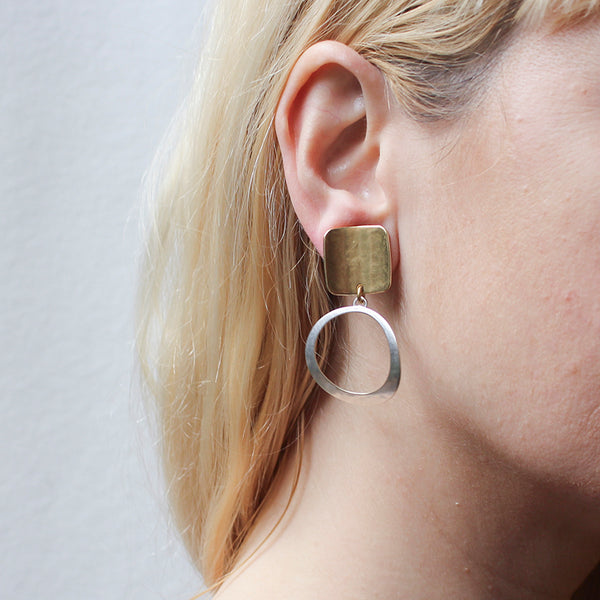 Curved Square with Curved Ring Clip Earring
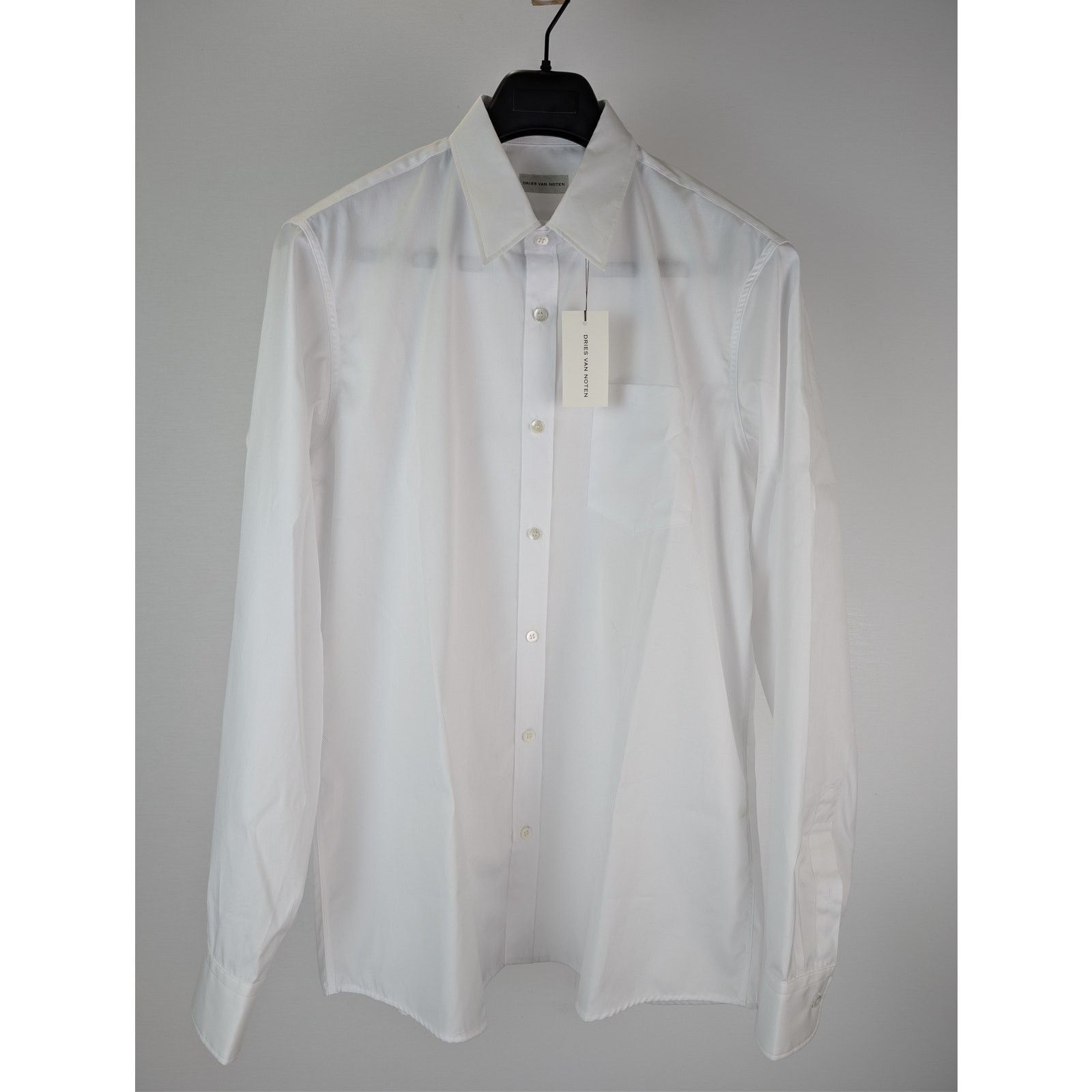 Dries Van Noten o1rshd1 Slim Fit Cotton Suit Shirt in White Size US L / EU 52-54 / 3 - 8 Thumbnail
==
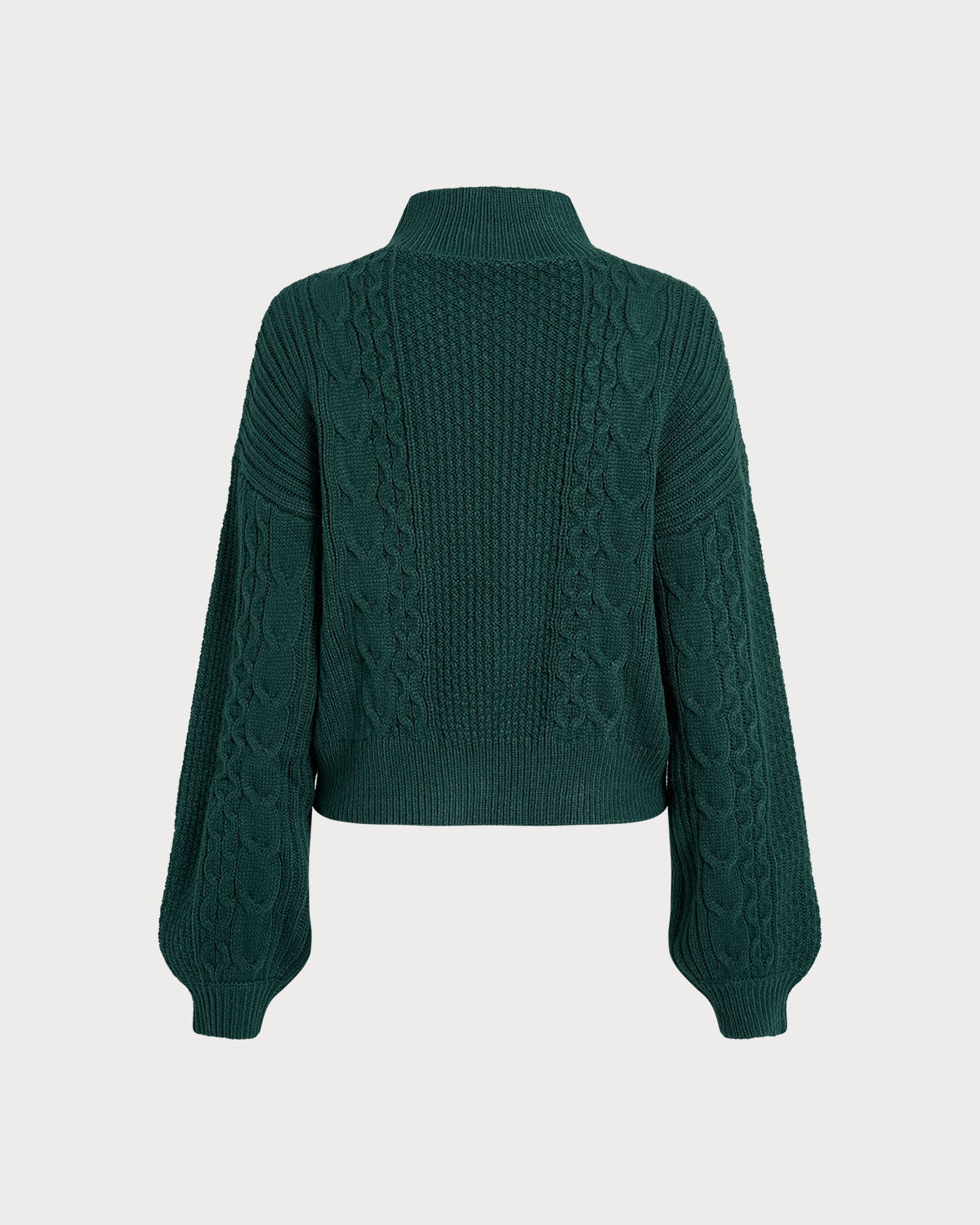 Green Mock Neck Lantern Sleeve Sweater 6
--
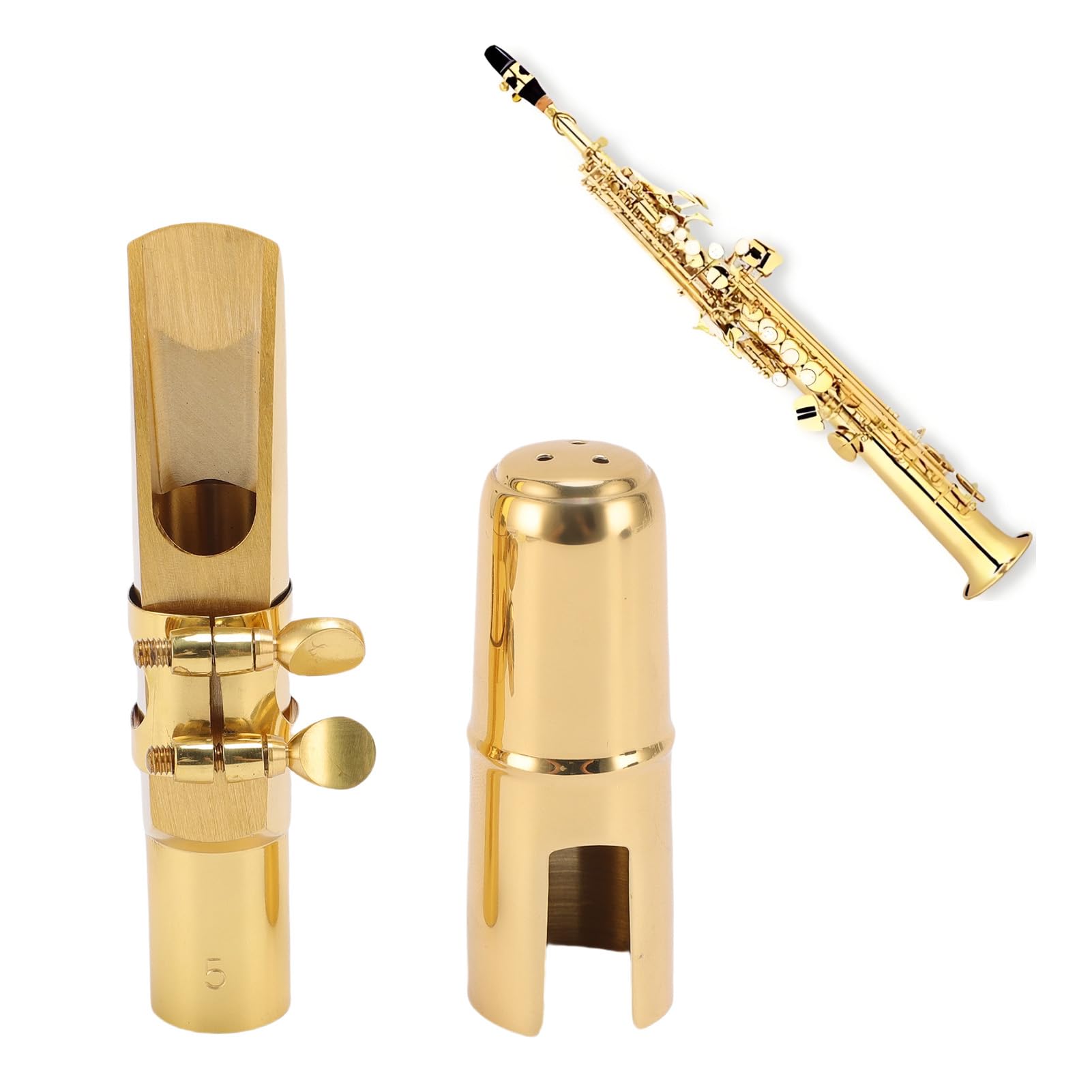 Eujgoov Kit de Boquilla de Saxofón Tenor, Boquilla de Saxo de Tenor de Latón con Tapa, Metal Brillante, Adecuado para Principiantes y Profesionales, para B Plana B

TASK OBJECTIVE: Copy the listing above exactly, but only from the line with "Curved Square with Curved Ring Clip Earring" through the line with "Dries Van Noten", including those two lines and excluding any picture.

EXERCISE ANSWER:
 Curved Square with Curved Ring Clip Earring
 Dries Van Noten o1rshd1 Slim Fit Cotton Suit Shirt in White Size US L / EU 52-54 / 3 - 8 Thumbnail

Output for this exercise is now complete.